Vient le doux pendant charroi
de linge et de vêtements.
Mais malgré résolutions matinales, je manque de constance, m’éparpille en des riens et j’ai besoin pour l’antre, les formalités, mon moi, de me recentrer un peu et décide, égoïstement, de me déconnecter et me plonger dans le réel jusqu’au 12 ou au 13 mai je pense.
Du coup, vais être longue, prévenus êtes, et je recopie le #5, la fin de la première boucle de l’atelier en cours de François Bon
Quête d’un livre
Elle avait le goût des lectures à elle non destinées, si possible autorisées, sinon volées ou lues en cachette par morceaux désordonnés, et il y avait dans la cave du nouvel appartement au dessus de la dégringolade vers la rade cette caisse déclouée mais non entièrement vidée qu’elle avait découverte en descendant chercher, en tribu excitée mère et filles, dans la malle en bois de camphre, une ancienne tunique blanche brodée de perles, vestige de cérémonies anciennes pour en tirer un élément de déguisement | en fait le charme de ces retrouvailles avait fait que la tunique, intacte, avait été rangée soigneusement dans la penderie maternelle | caisse de livres qui n’avaient pas trouvé place dans le secrétaire, la petite vitrine du salon, ni dans le rayonnage plus intime de la chambre des parents, livres qui donc étaient sans doute confidents anciens du père et qui faisaient de cette caisse un aimant auquel elle cédait en lui rendant visites exploratoires dès que l’appartement était pour une durée prévisible en vacance d’autorités autres que celle de G3 (la troisième à porter ce nom partagé entre mère et « servantes » mais plus que ça, la moins importante ou la plus) l’indulgente chérie qui se gardait bien de ne pas accepter tout prétexte de sortie… visites qui s’étaient soldées par d’ennuyeuses déceptions jusqu’au moment où elle était tombée sur ce gros livre broché que les fouilles avaient déplacé et qui s’étalait, ouvert et aplati sur le fond, couverture absente et fils du dos en partie visibles, livre que, finalement, elle avait remonté dans sa chambre, installé derrière les chaussures en bas de l’armoire en pitchpin, qu’elle sortait de temps à autre pour assise sur son lit et un cahier prêt à le recouvrir, y picorer, fascinée par les premières pages incomplètes qui prétendaient chercher l’étymologie du mot désignant l’animal monstrueux, prétexte et héros de l’histoire tragique, ou par les pages qui se voulaient scientifiques, par certains chants de gaillard d’avant ou de chasse, par des envolées poétiques plus que par l’histoire et même la philosophie qui prétendait s’y deviner.

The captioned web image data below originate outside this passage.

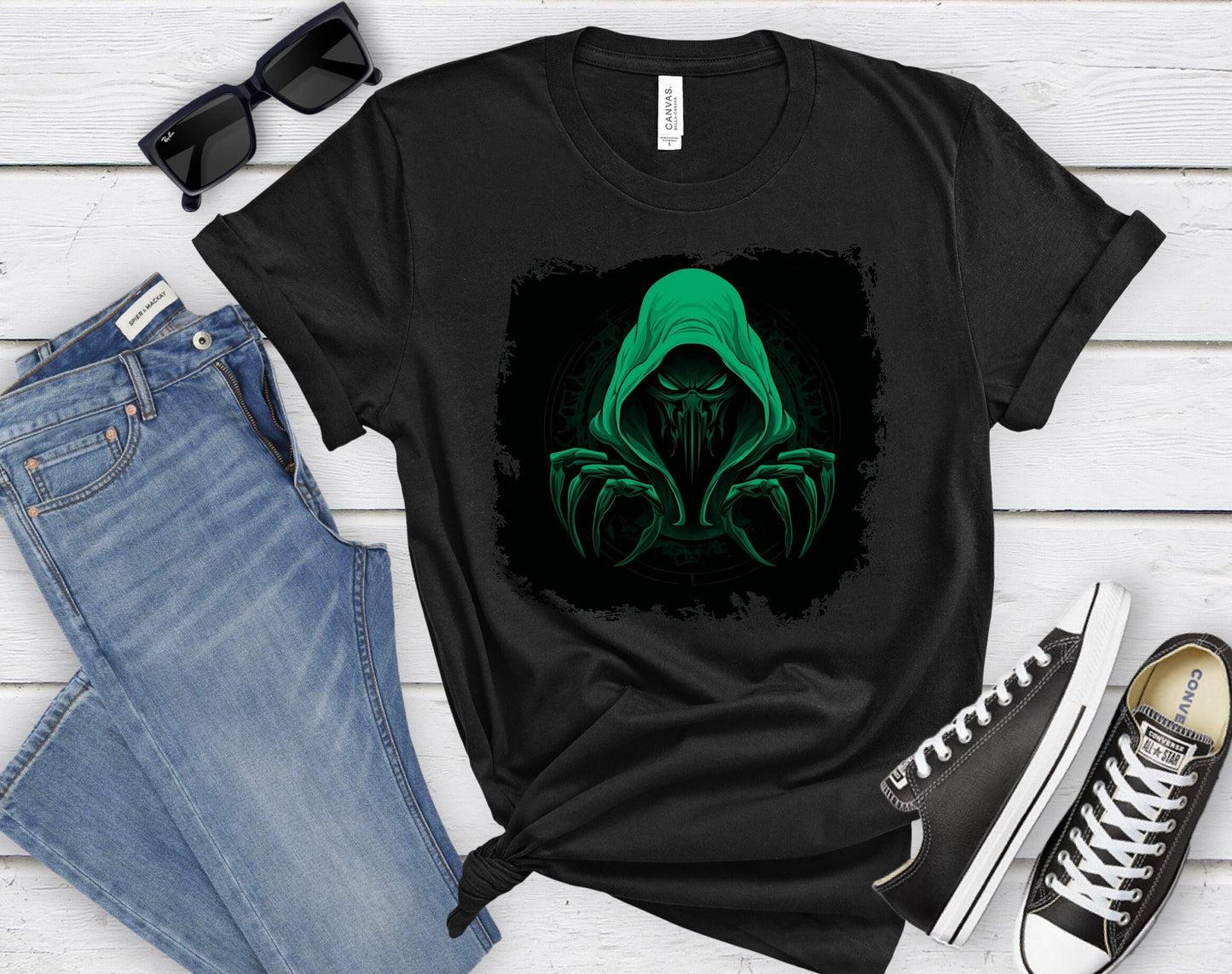 Hooded Scorpion Monster, Scary Creature with Hoodie, Graphic Tee with hooded character, Evil Demon, frightening beast. Horrifying nightmare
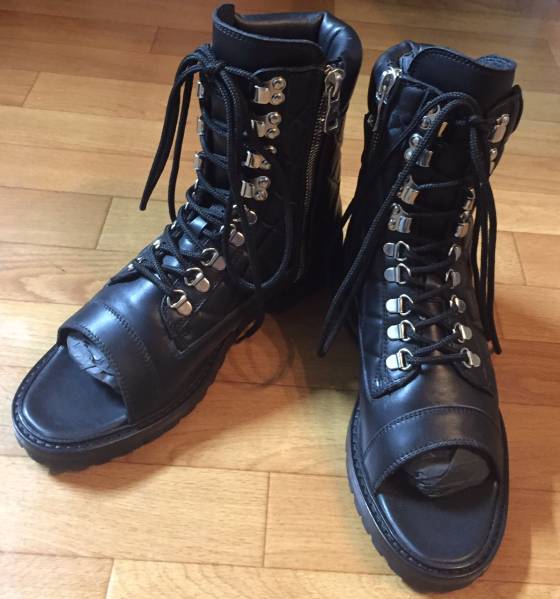 新品★ balmain バルマン レザー サイドジップ サンダル ブーツ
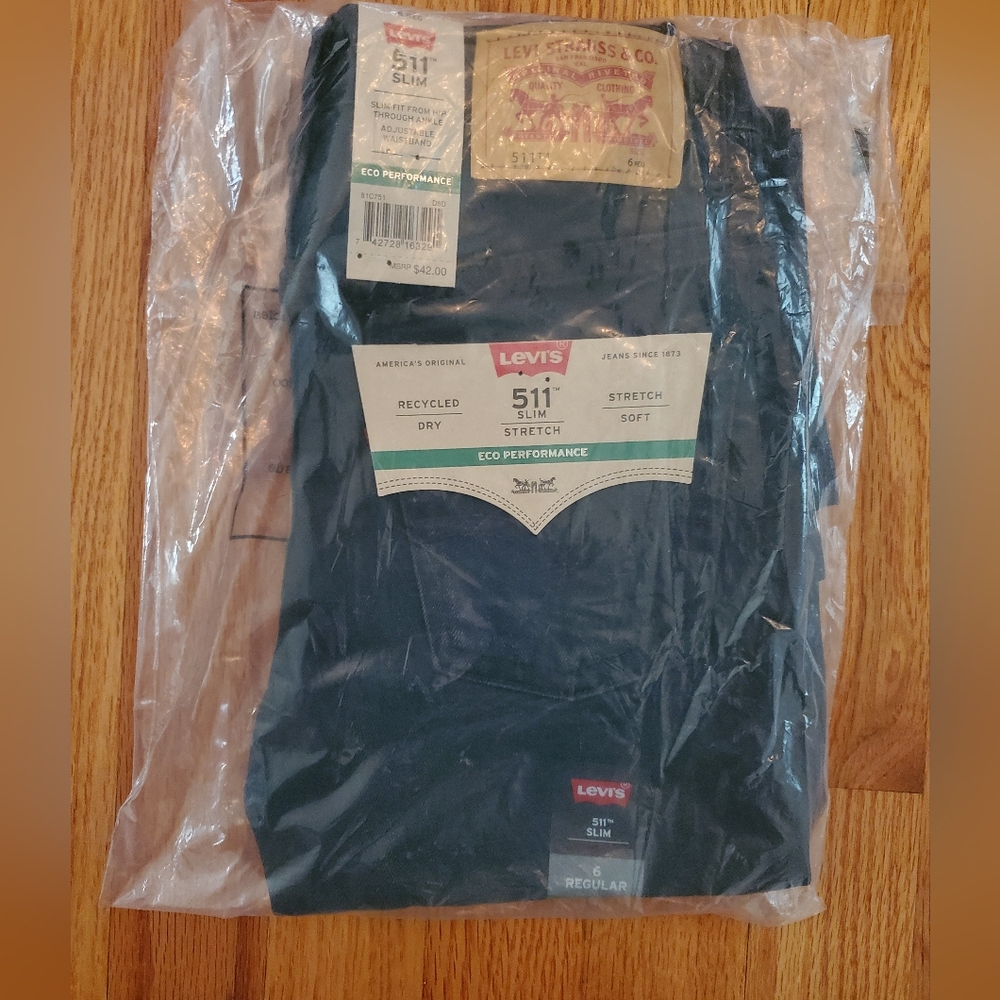 Levi's 511 Slim Stretch Jeans - Deep Blue
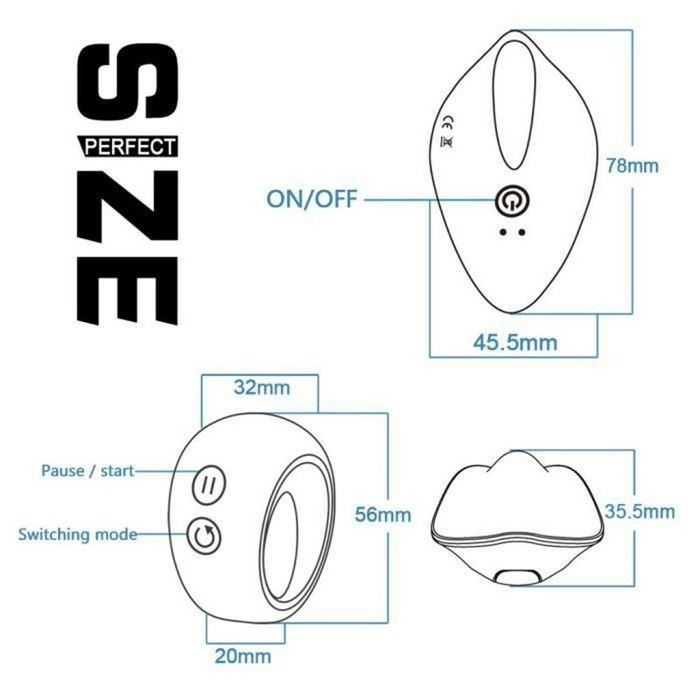 Godemichet Rabit Vibromasseur T L Commande Sans Fil Vibrant Panty Vibro Sex Toys Pour Femmes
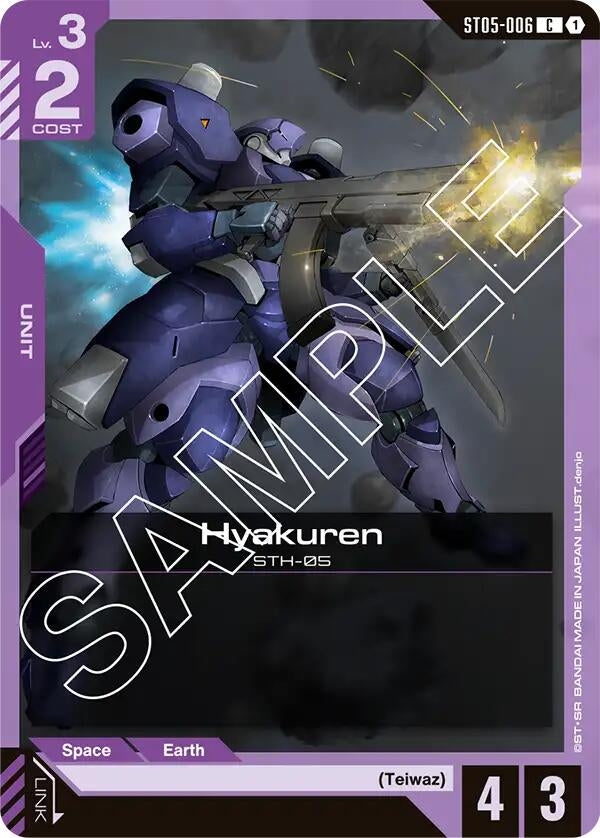 Image for Hyakuren (ST05-006) (ST05) - Gundam Card Game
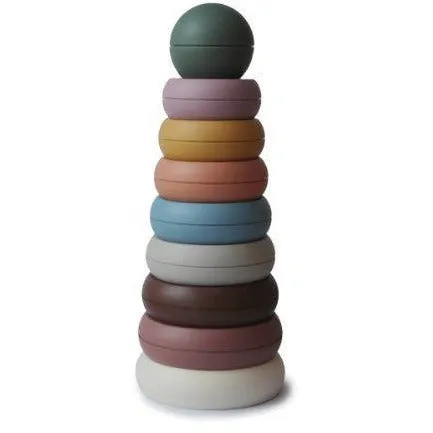 Mushie Stacking Rings Toy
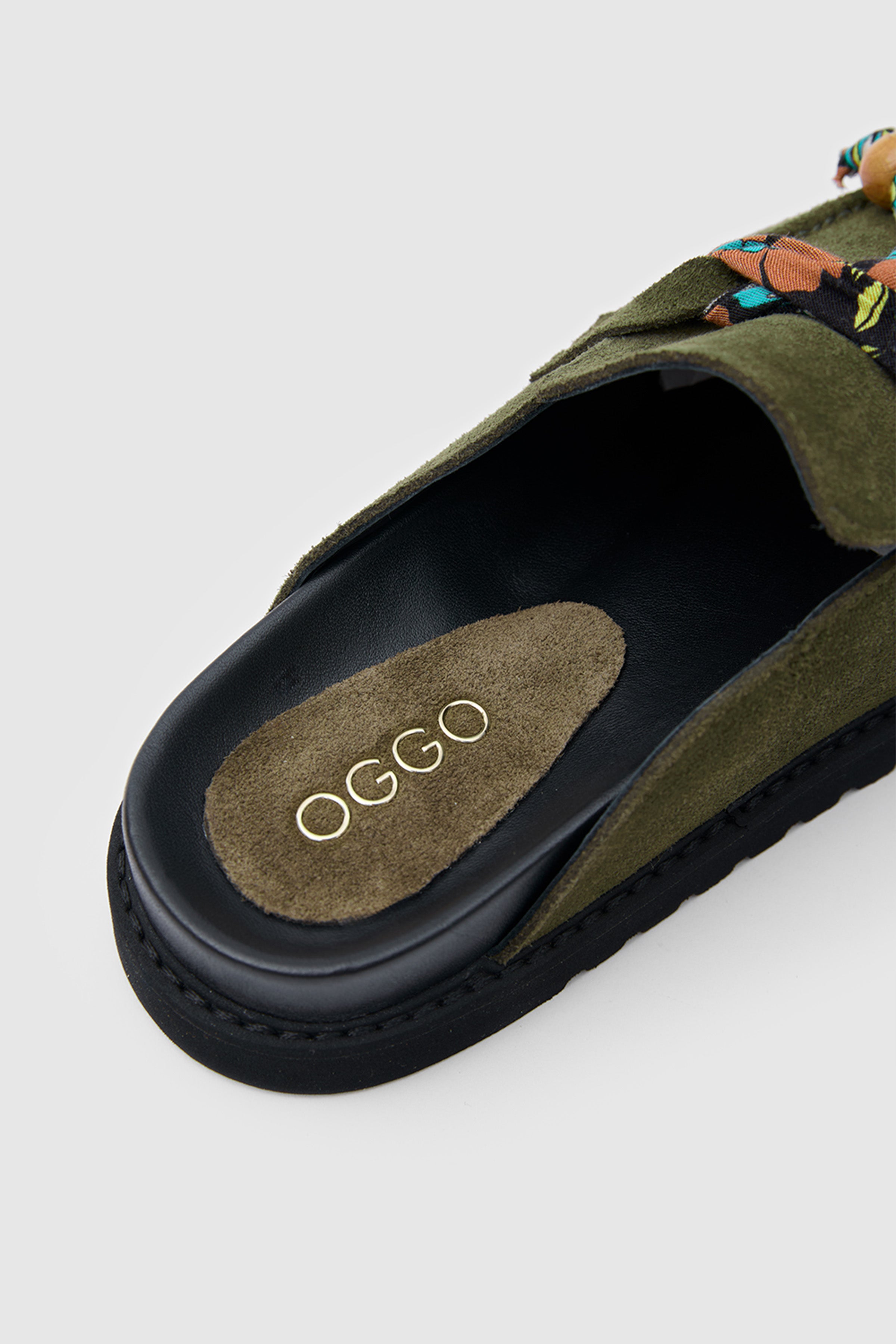 TERRA ARTİSAN SCARF SÜET DERİ FULARLI SANDALET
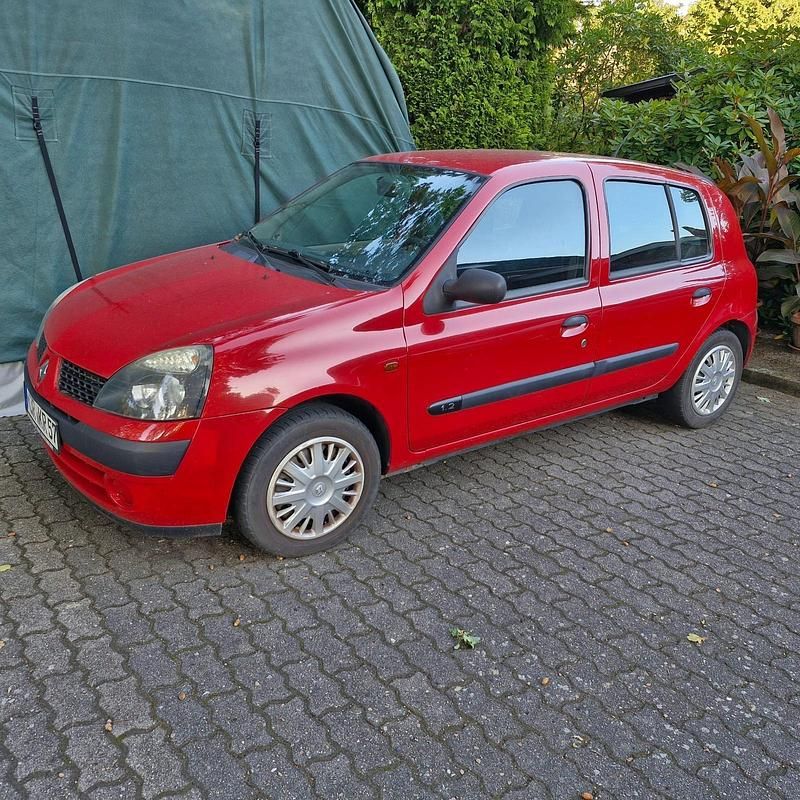 Rot Gebraucht 2003 Renault Clio II Kleinwagen | 1.700 € - Bild 1/4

D’autres centres d’intérêt sont venus, elle s’est écartée du noyau, la famille a déménagé et il semble qu’à une date oubliée ou inconnue faute de l’attention dont il était privé depuis tant d’années, le livre ait disparu du bagage familial et même des esprits, si bien que lorsque, une allusion à l’histoire qu’il contait ou à cet animal quasi mythique qui était un de ses héros étant venue au détour d’une phrase dans une conversation bien des années plus tard, elle a évoqué le bouquin dépenaillé personne ne semblait même se souvenir de l’avoir vu un jour. Est-ce cet abandon ou le fait de passer visiblement une fois encore pour une fabulatrice ? le désir de retrouver ce livre, de le relire, lui est venu… livre trop ancien pensait-elle pour qu’une édition récente soit disponible et le fait est que si, dans la première librairie dans laquelle elle est entrée à Bougival en sortant de l’appartement paternel, la vendeuse consultée lui en a proposé deux éditions différentes elles venaient toutes deux, fort expurgées et débarrassées de ces pages inutiles à l’action qui étaient justement ce qu’elle désirait, du rayon de « littérature jeunesse »… et puis elle a oublié ou ce désir s’est fait de moins en moins présent, rangé dans une petite case reculée de son cerveau, revenant simplement de temps à autre lors de promenades-fouilles le long des quais et des rangées de bouquinistes, dans les solderies de livres ou au rayon occasions des poches chez Gibert Jeune.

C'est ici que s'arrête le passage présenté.